Population (2022-12-31)
- • Total: 647
- • Density: 140/km^{2} (370/sq mi)
- Time zone: UTC+01:00 (CET)
- • Summer (DST): UTC+02:00 (CEST)
- Postal codes: 55437
- Dialling codes: 06728
- Vehicle registration: MZ
- Website: www.nieder-hilbersheim.de

= Nieder-Hilbersheim =

Nieder-Hilbersheim is an Ortsgemeinde – a municipality belonging to a Verbandsgemeinde, a kind of collective municipality – in the Mainz-Bingen district in Rhineland-Palatinate, Germany.

==Geography==

===Location===
The municipality lies southwest of Mainz in the Welzbach valley and is characterized by agriculture. The winegrowing centre belongs to the Verbandsgemeinde of Gau-Algesheim, whose seat is in the like-named town.

==History==
In 933, Nieder-Hilbersheim had its first documentary mention in a document from the Seligenstadt Abbey.

In the endowment letter from the Disbodenberg Monastery in 1108, Nieder-Hilbersheim is mentioned for the first time as Hilbriedesheim

After 1300, the name Nieder-Hilbersheim first came up in documents.

In 1334 a church is mentioned for the first time, and is believed to have been consecrated to Saint Martin, which yielded today's coat of arms, which show Saint Martin cutting a piece of his cloak off for a beggar. At this point, the community belonged to the Electorate of the Palatinate Oberamt of Stromberg.

==Politics==

The municipal council is made up of 12 council members, not counting the part-time mayor, with seats apportioned thus:
| | SPD | CDU | FWG | Total |
| 2004 | 3 | 2 | 7 | 12 seats |
(as at municipal election held on 13 June 2004)

==Culture and sightseeing==

===Regular events===
The Nieder-Hilbersheim kermis (church consecration festival, locally known as the Kerb) is always held on the second weekend in September. A farmer's and craftsman's market is held each year on the third weekend in October.

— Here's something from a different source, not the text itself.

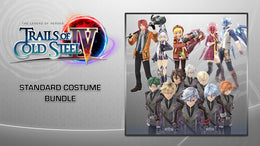 The Legend of Heroes: Trails of Cold Steel IV - Standard Cosmetic Set (PC) - Steam Key - GLOBAL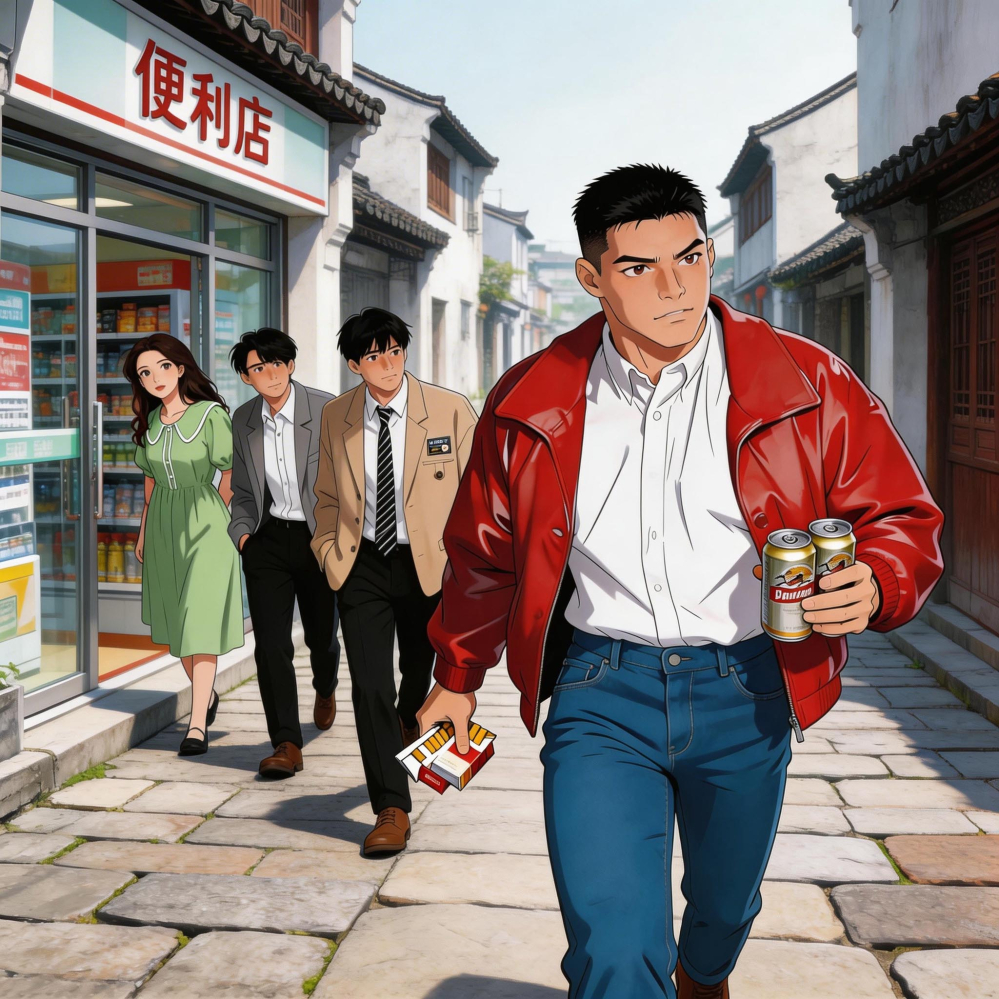 寻找到目标跟上！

==Economy and infrastructure==

===Agriculture===
Nieder-Hilbersheim grows grapes for both white and red wine, and also fruit and asparagus.

===Transport===
The municipality is crossed by Landesstraße (state road) 415. The A 60 and A 63 autobahns can be reached by car in 10 to 20 minutes.

===Education===
Nieder-Hilbersheim has a municipal kindergarten.